Michael Hurley, président du Conseil des syndicats d’hôpitaux du SCFP, s’est dit « satisfait » de la décision.
« C’est une victoire pour toutes les familles qui travaillent dur et qui tentent de progresser et pour tous les syndicats qui se sont battus en leur nom pour protéger les droits de tous les travailleurs à négocier librement une convention collective », a-t-il déclaré.
La Fédération des enseignantes et des enseignants de l’élémentaire de l’Ontario a qualifié le projet de loi 124 de « attaque inconstitutionnelle contre les droits des travailleurs ».
Plusieurs syndicats ont vu des arriérés de salaires et des compensations leur être versés pour les années où leurs salaires étaient maintenus à 1 pour cent par la législation.
Ces paiements ont été accordés car, bien que le gouvernement Ford ait immédiatement indiqué en 2022 qu’il prévoyait de faire appel de la décision après son rejet, la loi a été effectivement annulée pendant plus d’un an.
Pendant cette période, les fonctionnaires, les infirmières, le personnel hospitalier et le personnel enseignant des collèges faisaient partie des groupes recevant une compensation pour les années où ils étaient plafonnés par le projet de loi 124.
Le président du SCFP, Hahn, a déclaré qu’il souhaitait voir une compensation accordée à tous les travailleurs régis par le projet de loi 124, et non à ceux qui avaient des clauses de réouverture dans les contrats qu’ils ont négociés avec la province.

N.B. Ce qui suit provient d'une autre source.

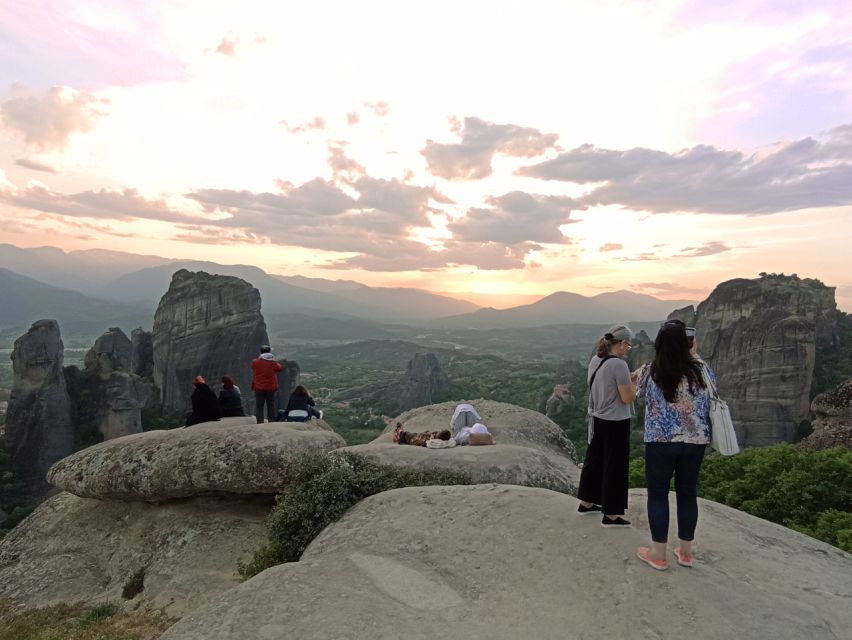 Kalabaka: Meteora Monasteries Private Tour With Photo Stops - Reservation and Payment Options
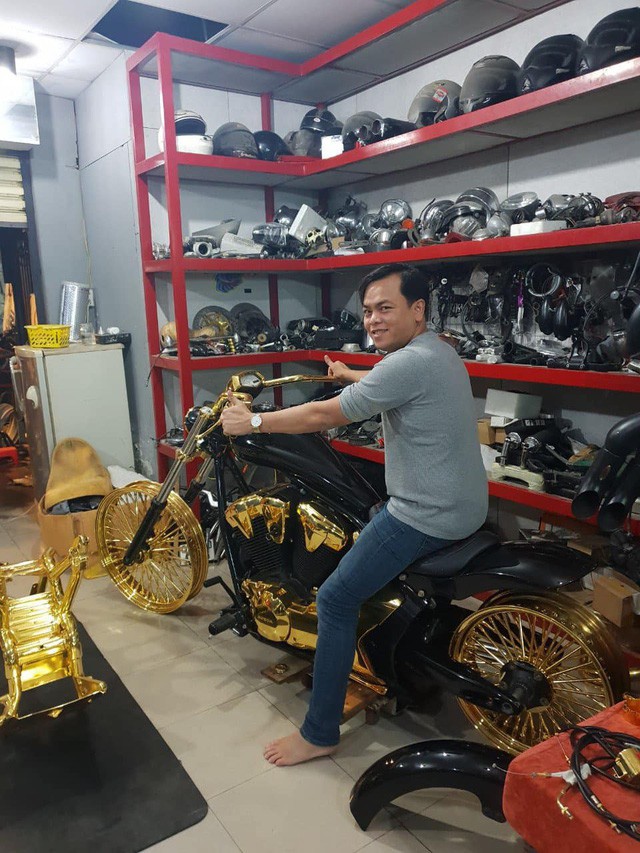 Khoe 3 chiếc mô tô mạ vàng giá gần 10 tỷ đồng, Phúc XO hứa tặng cả 3 nếu ai có chiếc tương tự - Ảnh 1.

Le gouvernement Ford a déclaré lundi soir qu’il ne ferait plus appel de la décision devant la Cour suprême de l’Ontario. Au lieu de cela, il prévoit « prendre des mesures pour abroger le projet de loi 124 dans son intégralité dans les semaines à venir ».
Le gouvernement a également déclaré qu’il introduireait « de toute urgence » une réglementation visant à exempter les travailleurs non syndiqués et non associés de la loi sur le plafond salarial jusqu’à ce qu’elle soit abrogée.
Des sources ont déclaré à Global News que le premier ministre de l’Ontario, Doug Ford, avait convoqué une réunion urgente du caucus tard lundi après-midi pour informer les députés qu’il prévoyait de revenir sur la loi controversée maintenant qu’elle a été rejetée.